Vegetation plays a critical role in regulating the water cycle and mediating carbon fluxes within the climate system. It responds rapidly to climate change and is highly sensitive to climate variability. In the context of accelerating global warming, particularly in the mid-to-high latitudes of Asia where warming rates are 2—3 times the global average—vegetation dynamics are expected to undergo significant changes. However, substantial uncertainties persist in projecting future vegetation changes in this region due to model biases, limitations in the spatiotemporal resolution and consistency of satellite remote sensing datasets, and variations in parametrizations of vegetation-climate feedbacks across models.

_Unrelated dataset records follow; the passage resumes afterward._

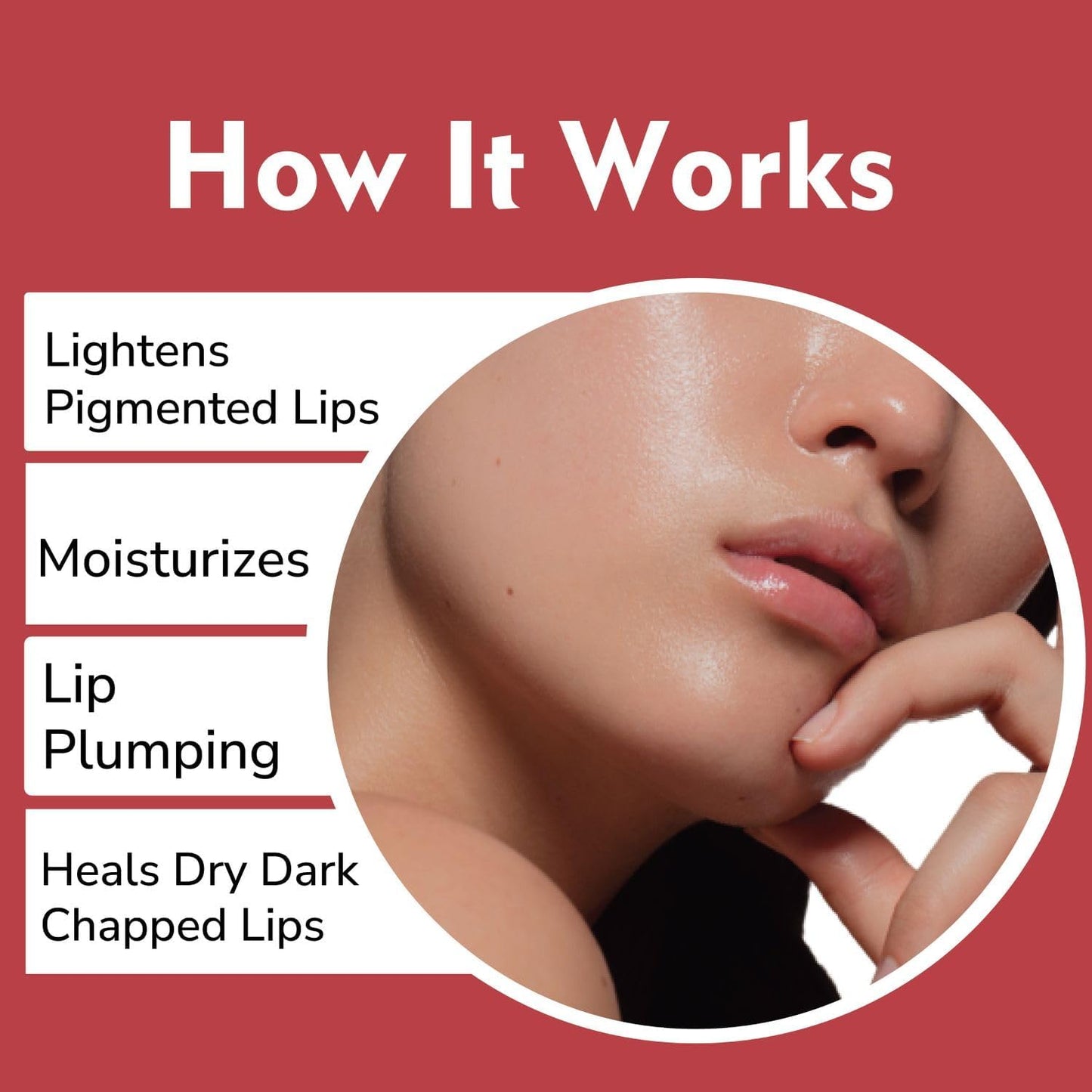 Dermistry Plumping Nourishing SPF10 Lip Balm Cocoa Butter & Strawberry for Dry Dark Chapped Lips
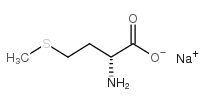 d-methionine sodium salt Structure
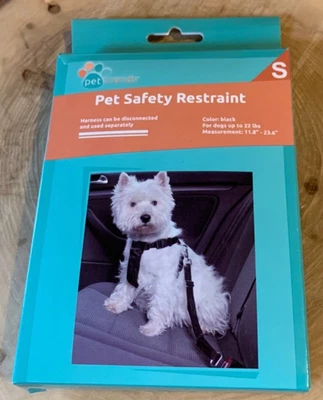 Arnês de retenção de segurança para animais de estimação novo na caixa para veículos tamanho pequeno arnês destacável - Imagem 1 de 3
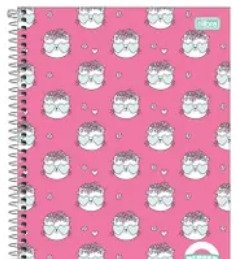 Cuaderno Cátedra Tilibra Pepper Femenino 10 Divisiones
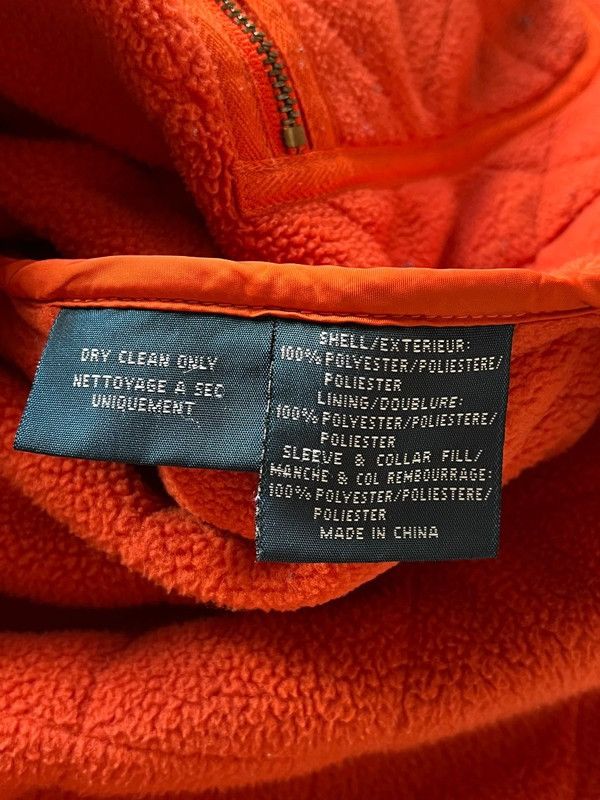 Polo Ralph Lauren Ralph Lauren Quilted Jacket Vintage 2000s Rare Fleece Size US L / EU 52-54 / 3 - 11 Thumbnail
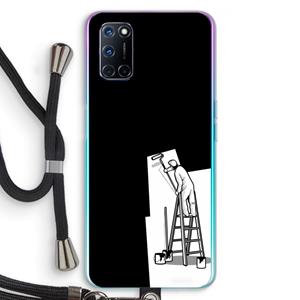 CaseCompany Musketon Painter: Oppo A92 Transparant Hoesje met koord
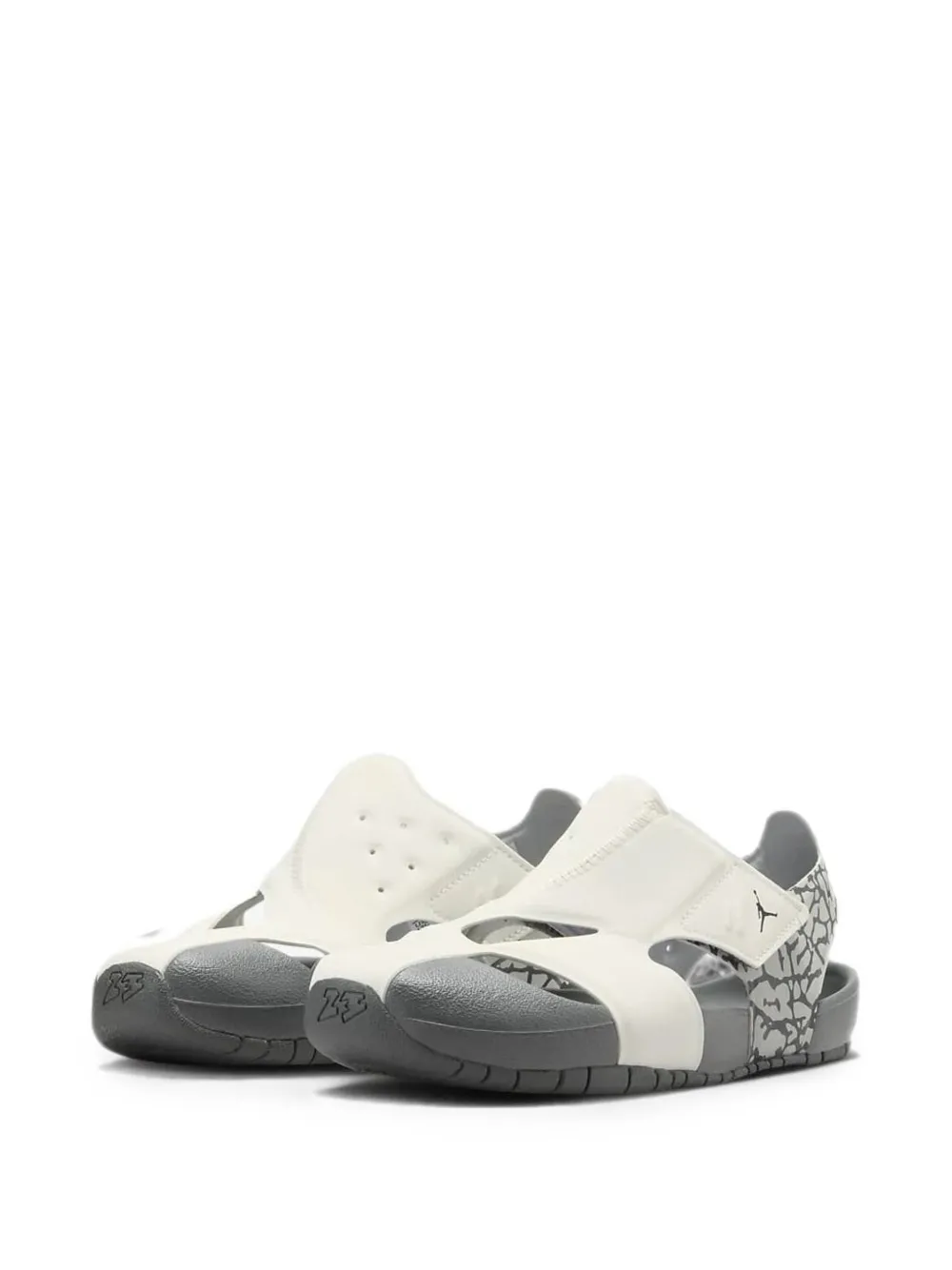 Jordan Kids Flare sandalen met olifantprint Beige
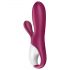 Satisfyer Hot Bunny - vibratore riscaldante intelligente con stimolatore del clitoride (rosso)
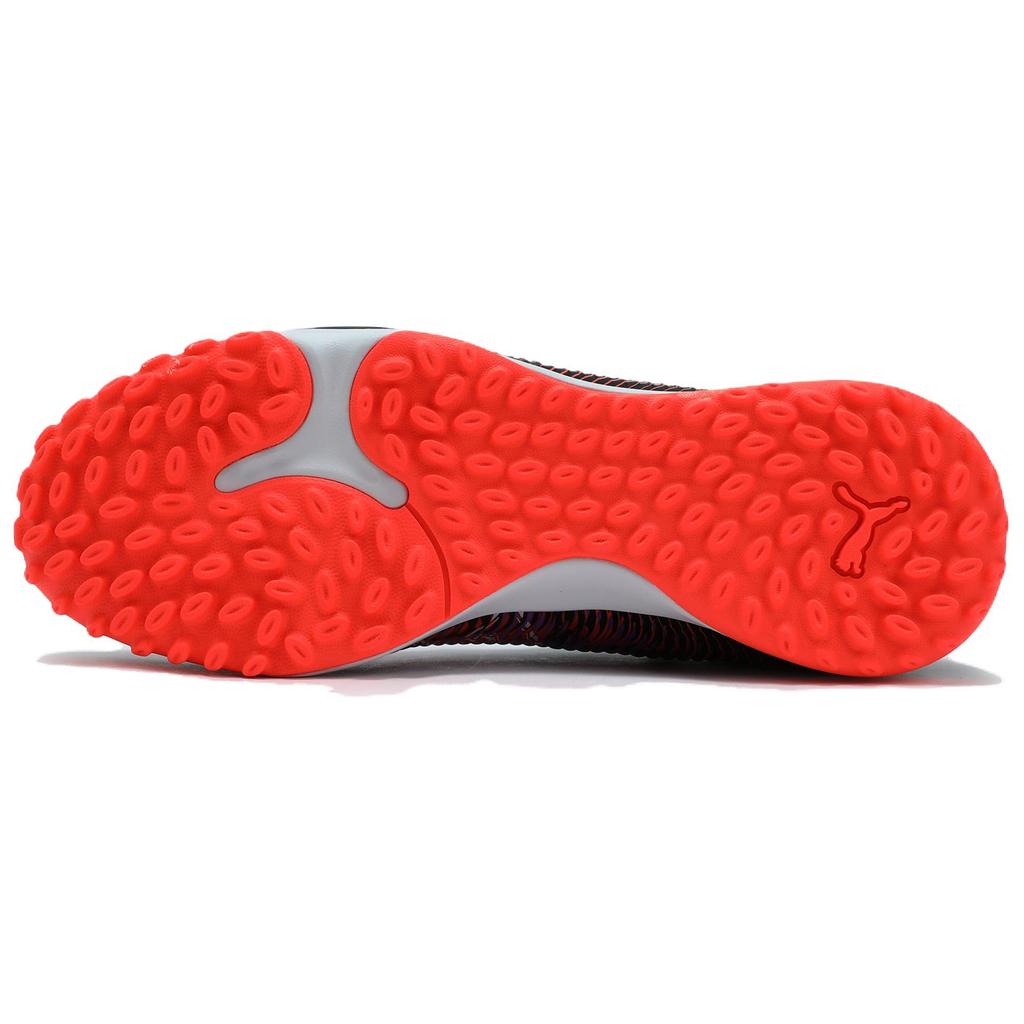 Puma Future 8 Match Comfortable Versatile TT (Rubber Studs) Durable Soccer Shoes Unisex sneaker Black White Red 108370-01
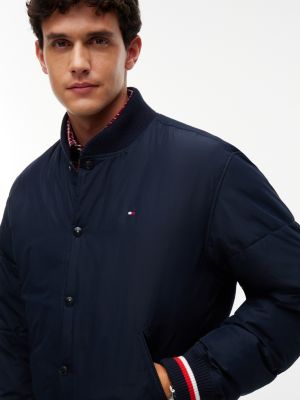 Мужская куртка Tommy Hilfiger Water-Repellent Padded Bomber, цвет: Тёмно-синий — фото 3
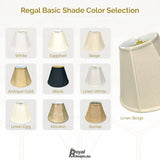 Royal Designs BS-707U-12AGL deep Empire Basic Lamp Shade, 6 x 12 x 9.25", Ant...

This study integrates three independent satellite-based leaf area index (LAI) datasets—GLOBMAP (Version 3), GIMMS LAI3g, and GLASS—with climate and vegetation outputs from 15 CMIP5 and 19 CMIP6 models. Using a multi-model ensemble mean (MME) framework, we systematically evaluate historical and projected vegetation characteristics in the mid-to-high latitudes of Asia.
Analysis of the satellite datasets reveals that regions with sparse vegetation exhibit higher interannual variability, while dense vegetated regions show more pronounced increasing trends in LAI.Areas of high MME mean LAI, variability, and seasonal amplitude are primarily located in woodland regions at elevations below 1 200 m. Among the datasets, GLOBMAP and GLASS exhibit stronger mutual consistency.The MME approach involves simulation performance by mitigating nonlinearities in individual model outputs. Evaluation of historical simulations indicates that both CMIP5 and CMIP6 models perform best in reproducing surface air temperature, with CMIP6 models demonstrating superior accuracy overall. CMIP6 also partially corrects the overestimation of LAI seen CMIP5 simulations. Ensemble simulations (MME) outperform individual modes in reproducing historical vegetation dynamics.
Future projections under both low- and high-emission scenarios (RCP4.5/SSP2-4.5 and RCP8.5/SSP5-8.5, respectively) show consistent increases in LAI mean values, interannual variability, and seasonal amplitude, with larger changes under high-emission scenarios. Regions with higher baseline vegetation cover are projected to experience greater LAI increases. While spatial patterns of change vary, the greatest increases are projected in high-LAI regions, high-latitude zones, and East Asia. Notably, LAI increases during the warm season are more pronounced than those in the cold season, indicating enhanced seasonal growth dynamics under future warming.
This study enhances our understanding of vegetation-climate interactions in complex mid-to-high latitude ecosystems which provides key insights into model performance, vegetation sensitivity, and carbon cycle feedbacks. These findings offer a scientific basis for improving ecosystem modeling and informing regional climate adaptation and carbon management strategies.